Execute Code Before the Class Object Destruction in C++

As previously stated, a class destructor is designed to handle the cleanup of resources associated with a class object before it goes out of scope. The previous method, as presented, involves explicit declaration and definition of a destructor using the tilde (~) operator.

However, not all class members require dynamic memory allocation, and they might be regular data types declared on the program stack. In such cases, the compiler automatically generates a synthesized destructor if the programmer does not explicitly declare one.

This synthesized destructor ensures that the class members are appropriately cleaned up when the object is destroyed.

The code below introduces the StringArray class, which includes both dynamic and stack-allocated members. The class has a dynamic integer array (init) and a vector of strings (vec).

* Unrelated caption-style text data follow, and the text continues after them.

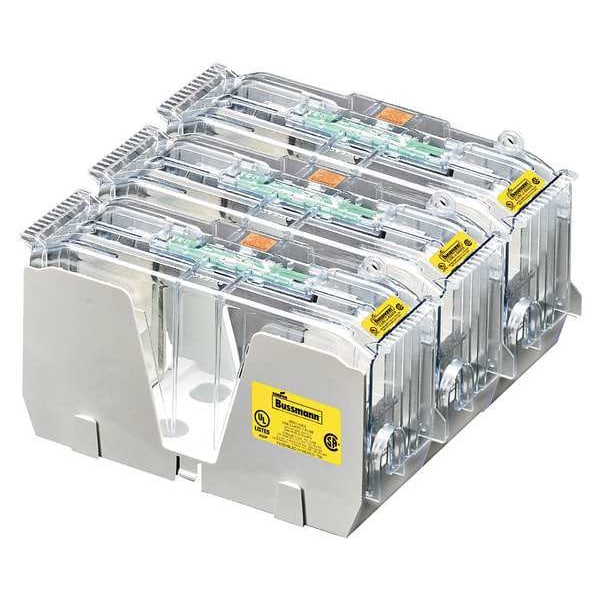 Open Fuse Block, J UL Class, 600V AC/DC Volt Rating, 3 Poles, Box Lug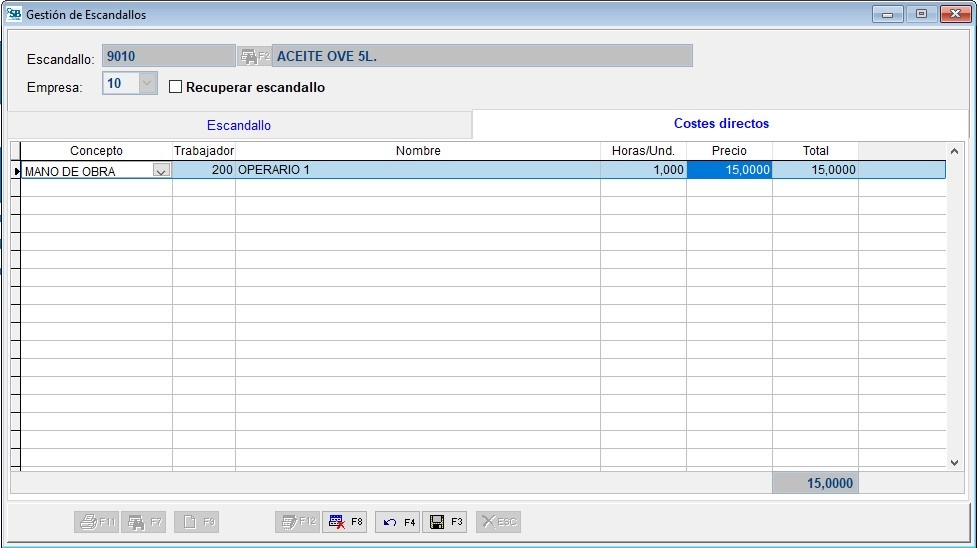 Gestión Escandallos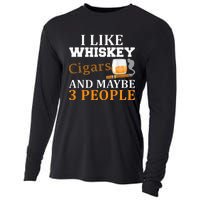 I Like Whiskey And Cigars And Maybe 3 People Cooling Performance Long Sleeve Crew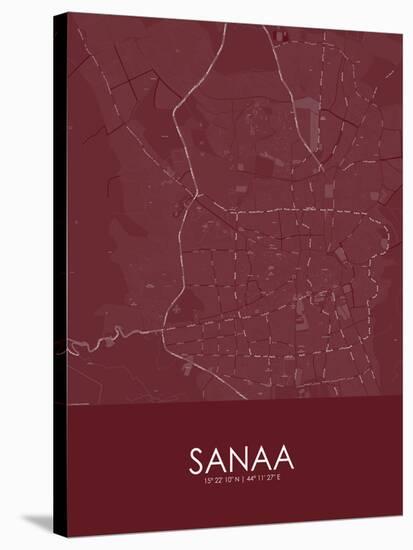 Sanaa, Yemen Red Map-null-Stretched Canvas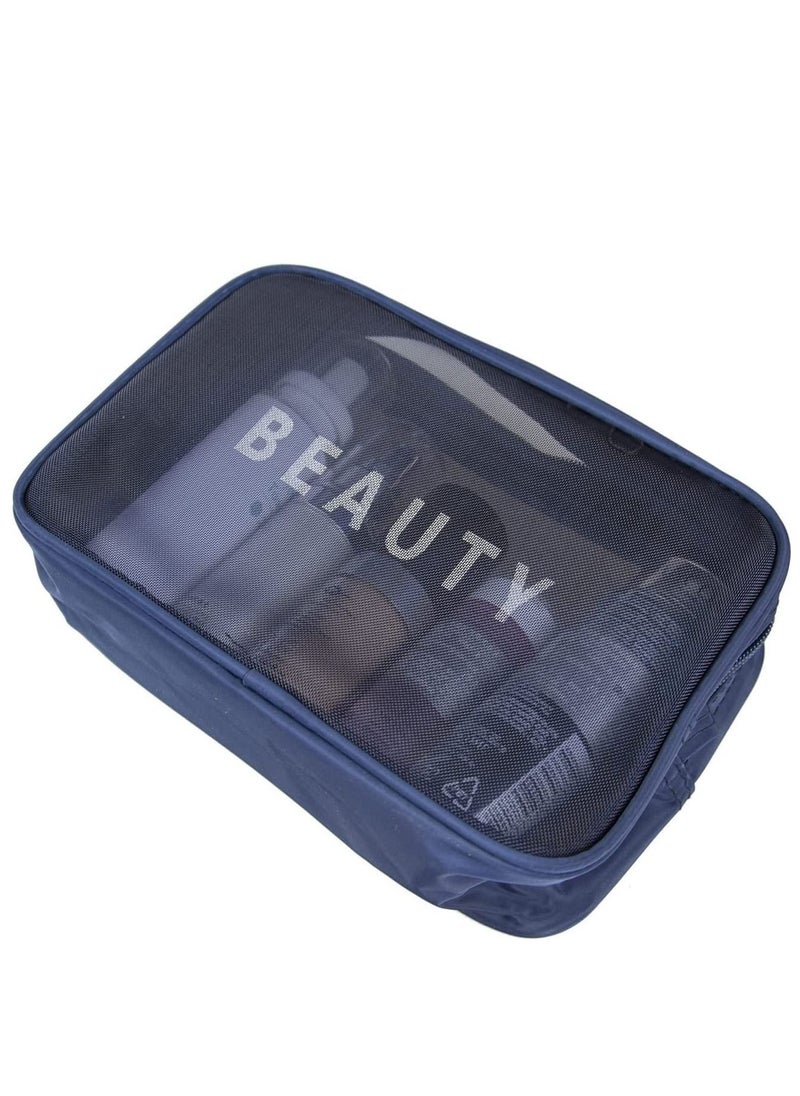 Excefore - Travel Mesh Makeup Bags Set 3 Pieces See Through Zipper Pouch Cosmetic and Toiletry Organizer Bag for Offices Accessories, S M L(Navy Blue) - Image 1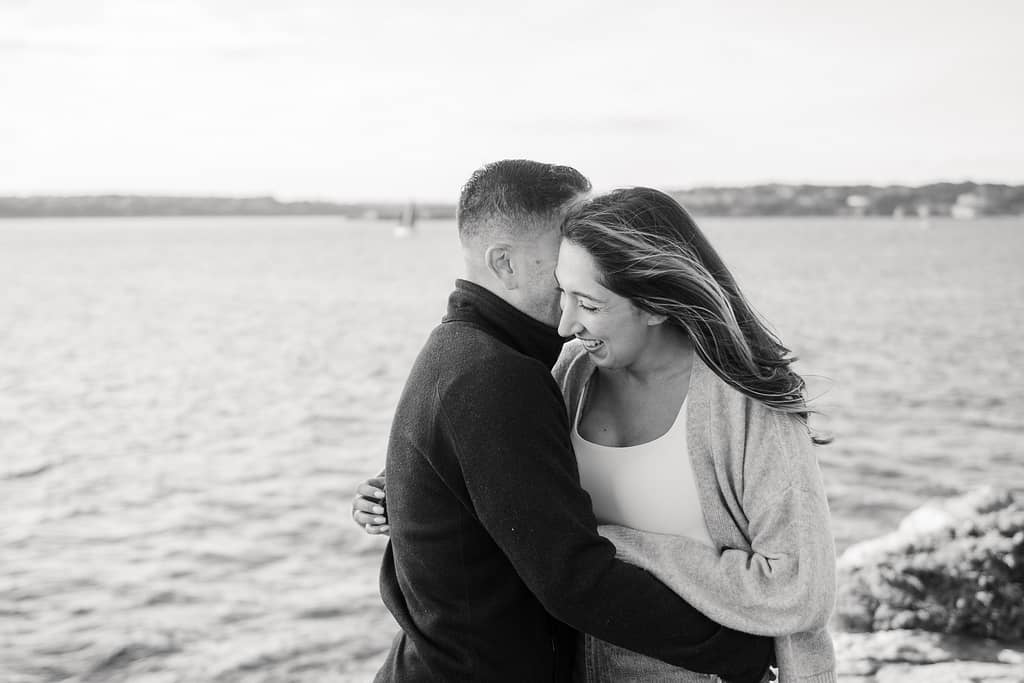 couple smiles after newport rhode island proposal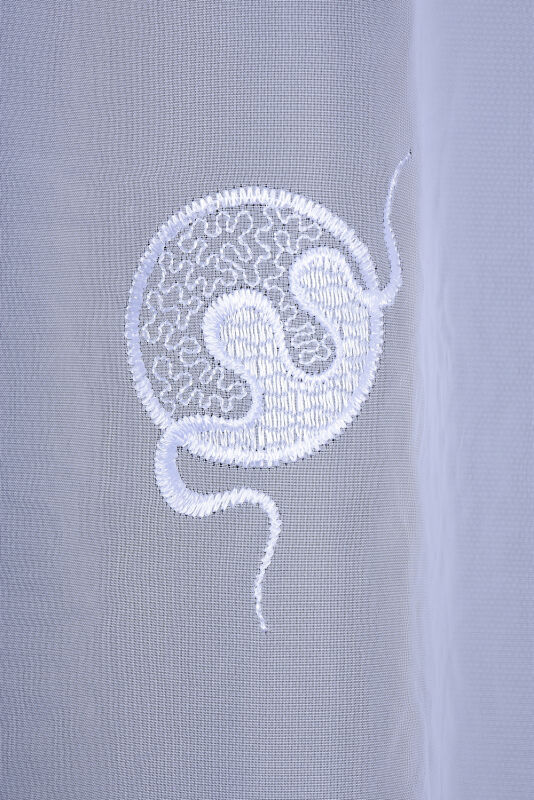 BRODE 1045 DESEN KIRIK BEYAZ RENK TEK KANAT Hazır dikilmiş Pileli Fon Perde 300*260 cm - 4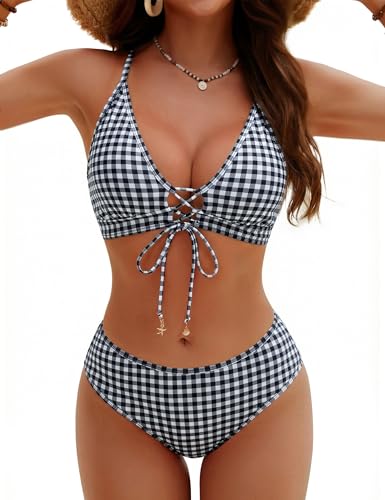 BMJL Women's Two Piece Swimsuit Cheeky String Bikini...
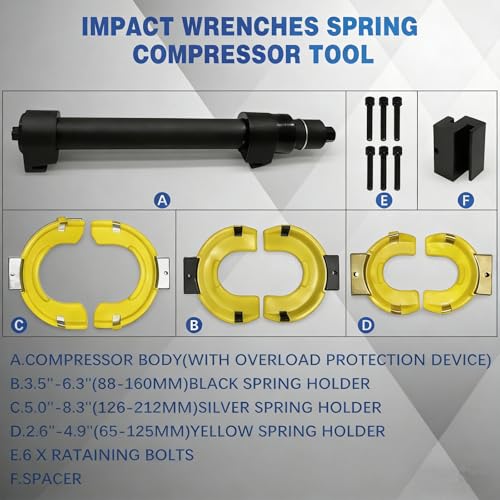 Macpherson Strut Spring Compressor Tool, Universal Spring Compressor with Overload Protection Device, Interchangeable Fork Strut Coil Extractor Remover Tool Allow Impact Wrench Use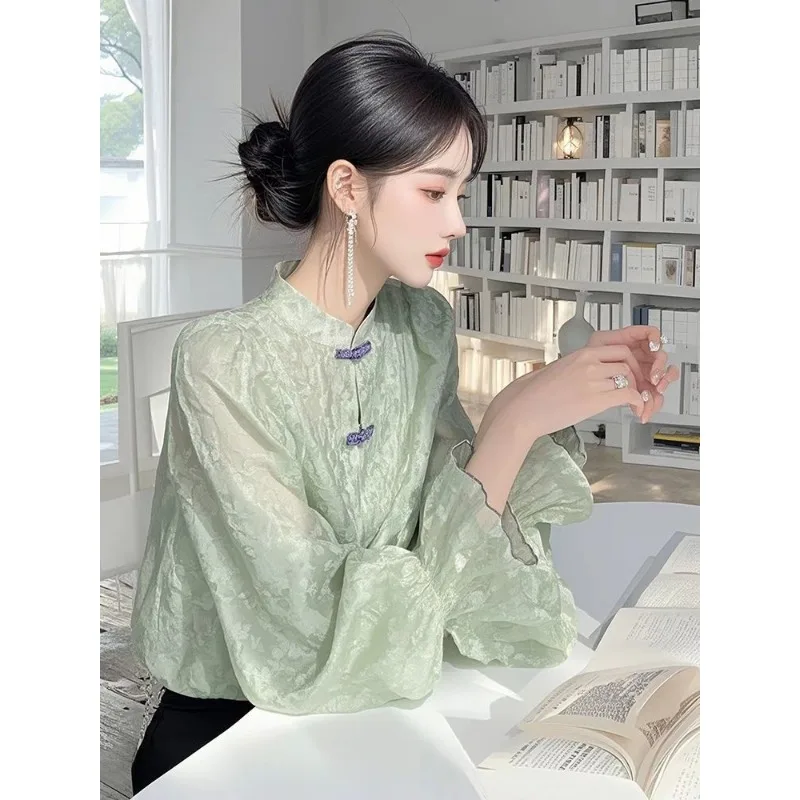 New Chinese Chiffon Shirt for Women 2025 Autumn New Design Stand-up Collar Long-sleeved Versatile Elegant Retro Top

The constructor initializes these members, and the destructor is responsible for deallocating the dynamic array and printing a corresponding message.

#include <iostream>
#include <string>
#include <vector>

using std::cout;
using std::endl;
using std::string;
using std::vector;

class StringArray {
 public:
  StringArray() : vec(), init(new int[10]){};
  ~StringArray() {
    delete[] init;
    cout << "printed from destructor" << endl;
  }

  string getString(int num) {
    if (vec.at(num).c_str()) {
      return vec.at(num);
    } else {
      return string("NULL");
    }
  };

  void addString(const string& s) { vec.push_back(s); };

  uint64_t getSize() { return vec.size(); };

 private:
  vector<string> vec;
  int* init;
};

int main() {
  StringArray arr;

  arr.addString("Hello there 1");
  arr.addString("Hello there 2");

  cout << "size of arr: " << arr.getSize() << endl;
  cout << "arr[0]: " << arr.getString(0) << endl;
}

Output:

size of arr: 2
arr[0]: Hello there 1
printed from destructor

Here, in the constructor (StringArray()), the class initializes a vector of strings (vec) and dynamically allocates an integer array (init) of size 10. This array is intended to store integers, serving as an illustrative example of dynamic memory allocation within the class.

The crucial aspect of this code lies in the destructor of the StringArray class (~StringArray()). This destructor is responsible for executing code before an object of the class is destroyed.

In this case, it deallocates the dynamically allocated integer array using the delete[] operator. Additionally, a message is printed to the console, indicating that the destructor is being invoked.

This demonstrates the ability to perform custom cleanup actions and provide feedback when an object goes out of scope.

Moving to the main() function, an instance of the StringArray class named arr is created, and two strings are added to the vector using the addString method. We then print the size of the array and the first element of the vector.

As the main() function concludes, the arr object goes out of scope, which triggers the destructor to execute the cleanup code. This results in the deallocation of the dynamic integer array and the printing of the corresponding message to the console.

Conclusion

The tilde operator in C++ serves a dual purpose, from fundamental bitwise operations to its significant role in managing resources through class destructors.

Understanding its applications is essential for programmers seeking to write efficient, resource-friendly code. The practical examples presented in this article showcase the importance of the tilde operator in ensuring proper resource management and maintaining code integrity in C++ programs.